Afghan women are feeling increasingly vulnerable as the security situation worsens and a growing number of Western and Afghan officials call for the Taliban to join the government.
“We are very worried that, now the government is talking with the Taliban, our rights will be compromised,” said Shinkai Karokhail, an outspoken MP for Kabul. “We must not be the sacrifice by which peace with the Taliban is made.”
Under Taliban rule, up until 2001, women were not allowed to work and were forbidden from venturing outside the home without a male escort.
Afghan women who defy traditional gender roles and speak out against the oppression of women are routinely subject to threats, intimidation and assassination. An increasingly powerful Taliban regularly attacks projects, schools and businesses run by women.

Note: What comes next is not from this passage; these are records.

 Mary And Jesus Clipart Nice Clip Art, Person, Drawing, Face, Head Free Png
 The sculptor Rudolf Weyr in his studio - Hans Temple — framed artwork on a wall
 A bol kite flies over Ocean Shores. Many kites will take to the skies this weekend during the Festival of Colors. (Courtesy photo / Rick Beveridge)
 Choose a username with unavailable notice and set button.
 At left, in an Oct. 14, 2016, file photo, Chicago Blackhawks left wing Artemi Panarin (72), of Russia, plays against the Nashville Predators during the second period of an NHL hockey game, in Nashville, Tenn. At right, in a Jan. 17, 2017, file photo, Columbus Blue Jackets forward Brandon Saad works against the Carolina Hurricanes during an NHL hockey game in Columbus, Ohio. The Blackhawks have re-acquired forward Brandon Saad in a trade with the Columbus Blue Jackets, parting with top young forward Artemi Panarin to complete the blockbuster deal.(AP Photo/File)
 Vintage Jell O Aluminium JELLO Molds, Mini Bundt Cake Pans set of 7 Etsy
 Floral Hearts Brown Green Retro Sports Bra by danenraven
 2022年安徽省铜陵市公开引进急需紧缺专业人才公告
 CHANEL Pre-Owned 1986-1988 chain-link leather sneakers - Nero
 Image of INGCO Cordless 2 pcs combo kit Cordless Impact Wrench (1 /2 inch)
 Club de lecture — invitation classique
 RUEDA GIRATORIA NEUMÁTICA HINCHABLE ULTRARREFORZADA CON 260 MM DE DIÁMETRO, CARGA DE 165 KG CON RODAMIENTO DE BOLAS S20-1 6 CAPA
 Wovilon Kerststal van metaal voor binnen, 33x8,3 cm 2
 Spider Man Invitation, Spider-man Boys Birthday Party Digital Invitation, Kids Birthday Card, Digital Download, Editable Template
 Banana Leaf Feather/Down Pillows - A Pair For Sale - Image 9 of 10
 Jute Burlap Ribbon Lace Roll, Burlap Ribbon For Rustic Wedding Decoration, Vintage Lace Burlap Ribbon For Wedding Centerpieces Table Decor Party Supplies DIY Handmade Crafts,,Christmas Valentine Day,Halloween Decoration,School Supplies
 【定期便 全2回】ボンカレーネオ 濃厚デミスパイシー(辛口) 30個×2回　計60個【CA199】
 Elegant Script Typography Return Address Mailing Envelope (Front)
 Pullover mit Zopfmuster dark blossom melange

Six weeks ago, Lieutenant-Colonel Malalai Kakar was assassinated in her car on her way to work in Kandahar. She was Afghanistan’s highest-ranking female police officer and a fierce defender of women’s rights. Only 1.5m tall, she was known to have beaten men she found to be abusing their wives. Another senior female police officer was killed in the province of Herat in June.
Talking at a safe house on the outskirts of Kabul, Mullah Zubiallah Akhond, a Taliban commander from the southern province of Uruzgan, said the group’s attacks on women were always political and not based on any desire to target or punish women specifically. [...]
The Islamist group is just one of the many threats facing Afghanistan’s few outspoken female MPs.
“Our parliament is a collection of lords,” Barakzai said. “Warlords, drug lords, crime lords.”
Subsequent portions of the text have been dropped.